BEGIN DATA FOR THIS TASK

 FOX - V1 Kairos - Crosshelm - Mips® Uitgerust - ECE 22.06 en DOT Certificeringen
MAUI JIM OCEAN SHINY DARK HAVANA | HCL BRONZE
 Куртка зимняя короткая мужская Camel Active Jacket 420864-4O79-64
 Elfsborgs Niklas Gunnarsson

END DATA FOR THIS TASK
BEGIN DATA FOR THIS TASK

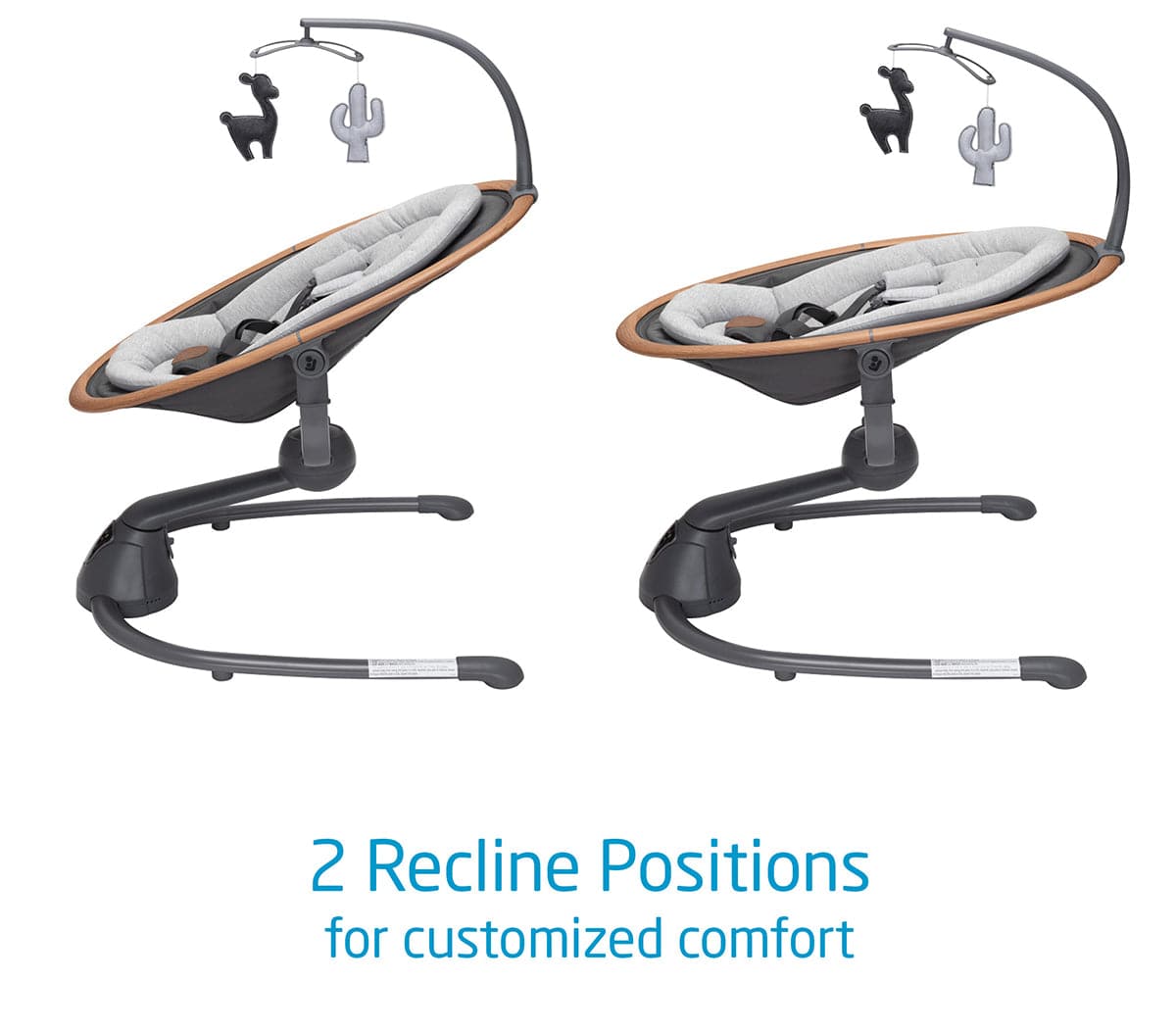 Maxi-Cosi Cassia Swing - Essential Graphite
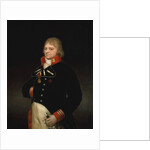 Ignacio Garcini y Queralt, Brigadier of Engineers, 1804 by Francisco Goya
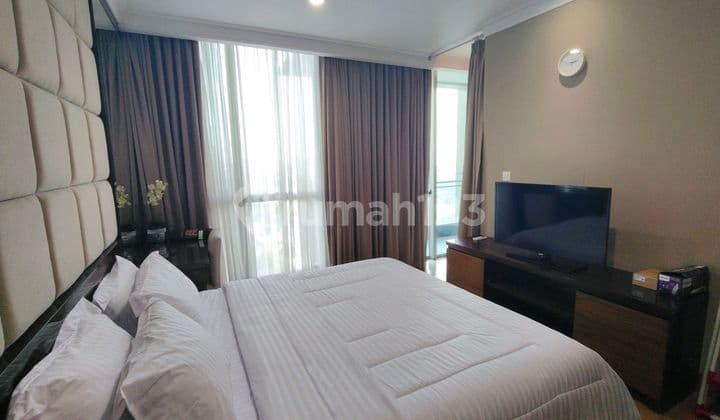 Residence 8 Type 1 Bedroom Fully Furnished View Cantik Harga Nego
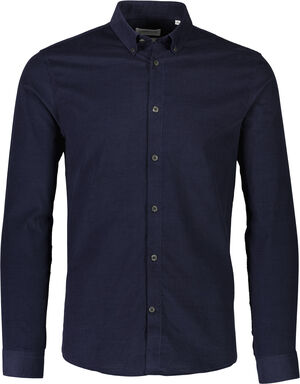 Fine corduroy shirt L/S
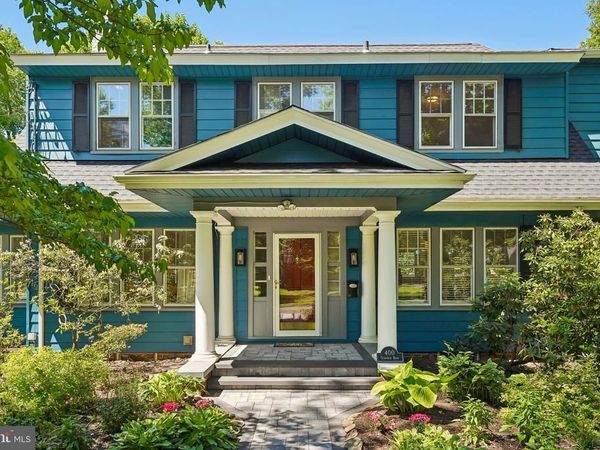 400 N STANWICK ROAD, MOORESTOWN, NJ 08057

END DATA FOR THIS TASK

- TASK DETAILS
Print, word for word, the lines above that run from the line containing "Fine corduroy shirt L/S" to the line containing "400 N STANWICK ROAD, MOORESTOWN, NJ 08057", both included. Keep the pictures out.

- EXERCISE RESULT
 Fine corduroy shirt L/S
 400 N STANWICK ROAD, MOORESTOWN, NJ 08057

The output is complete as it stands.